## CS 237 Homework 06 (Programming Problems) 

**Due Thursday March 17th at Midnight (1 minute after 11:59pm) in Gradescope (with grace period of 6 hours).
Homeworks may be submitted up to 24 hours late with a 10% penalty (same grace period).**

Enter your solutions in this notebook and submit as an IPYNB file on Gradescope. Don't forget to include information about your collaborators (or say **Collaborators: none**).


In [43]:
# Here are some imports which will be used in code that we write for CS 237
 
# Imports potentially used for this lab


import matplotlib.pyplot as plt   # normal plotting
import numpy as np

from math import log, pi,log,floor       # import whatever you want from math
from numpy.random import seed, random, randint, choice
from collections import Counter

%matplotlib inline



## Programming Problem 

This problem concerns a common situation in practical probability: you have a random process whose
PDF is unknown to you except through experiments.  A simple version of this is the biased coin
which we first saw in discussion and which is the subject of problem 6 in this homework. 


## The Two-Armed Bandit

This game, named from a nickname for slot machines (which have
two levers to pull and steal your money!), is played by a single player who has two coins:

> $A$ with a probability of heads $p_A$, and   
> $B$ with a probability of head $p_B$,
  
The player does not know the probabilities $p_A$ and $p_B$ and the coins are otherwise identical. 

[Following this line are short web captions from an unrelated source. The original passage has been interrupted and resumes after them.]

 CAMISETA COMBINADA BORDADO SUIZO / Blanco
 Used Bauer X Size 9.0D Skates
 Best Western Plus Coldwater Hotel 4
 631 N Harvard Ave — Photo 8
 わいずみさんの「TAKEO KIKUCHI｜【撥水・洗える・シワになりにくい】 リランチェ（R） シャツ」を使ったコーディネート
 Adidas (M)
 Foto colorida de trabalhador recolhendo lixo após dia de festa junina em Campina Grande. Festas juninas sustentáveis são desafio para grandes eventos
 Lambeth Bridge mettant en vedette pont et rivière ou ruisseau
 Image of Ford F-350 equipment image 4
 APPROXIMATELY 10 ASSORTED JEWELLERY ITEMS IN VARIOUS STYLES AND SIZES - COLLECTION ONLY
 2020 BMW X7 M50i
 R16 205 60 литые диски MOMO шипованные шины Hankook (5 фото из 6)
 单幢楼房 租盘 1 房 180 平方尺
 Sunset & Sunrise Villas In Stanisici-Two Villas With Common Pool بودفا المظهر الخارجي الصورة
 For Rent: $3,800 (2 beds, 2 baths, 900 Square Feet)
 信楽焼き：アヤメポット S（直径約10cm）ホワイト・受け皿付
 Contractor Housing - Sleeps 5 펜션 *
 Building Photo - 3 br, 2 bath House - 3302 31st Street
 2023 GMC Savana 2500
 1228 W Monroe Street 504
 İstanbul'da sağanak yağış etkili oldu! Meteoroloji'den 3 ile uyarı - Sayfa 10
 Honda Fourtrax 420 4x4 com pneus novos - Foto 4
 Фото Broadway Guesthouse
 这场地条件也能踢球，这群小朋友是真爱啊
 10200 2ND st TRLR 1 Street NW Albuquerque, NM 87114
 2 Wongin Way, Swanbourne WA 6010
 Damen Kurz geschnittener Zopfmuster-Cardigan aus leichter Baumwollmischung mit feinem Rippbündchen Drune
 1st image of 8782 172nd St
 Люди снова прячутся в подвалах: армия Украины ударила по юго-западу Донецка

One round of the game is played as follows: the player chooses one of the coins
and flips it. If the result is heads, the player wins 1 point; if tails the player 
loses 1 point (which can be thought of as a net profit of $-1$ points). The game is played for
some large number of rounds $n$ (though this is not important, and you might as well think of the game as continuing infinitely).

The question is one of strategy: how do you maximize the points won?

At first glance it may seem like you can do no better than us a random strategy:

> RS:  In each round, uniformly at random  choose either A or B, say by using a third, fair coin, choosing A if heads, and B if tails. 

 However, a strategy of "win stay, lose shift" has been proposed to
optimize one's chances of success.  This strategy is simple: 

>  WSLS:  In the first round, use coin A. After that, if you win, 
>  then flip the same coin again; if you lose, switch to the other coin. 

This strategy has an intuitive appeal, because you would think that over a large
number of rounds, the coin with the higher probability would tend to be flipped
more often, resulting in more profit. 

However, no one has (yet) come up with a rigorous proof that this strategy is
better than the random strategy. Hence we must fall back on experiments. 
In this problem we will investigate these
two strategies and see if indeed the "win stay, lose shift" strategy is better
than the random strategy. 

First, complete the general template below to implement the basic framework for the game, then try the following experiments. Code to print out the results has been included. 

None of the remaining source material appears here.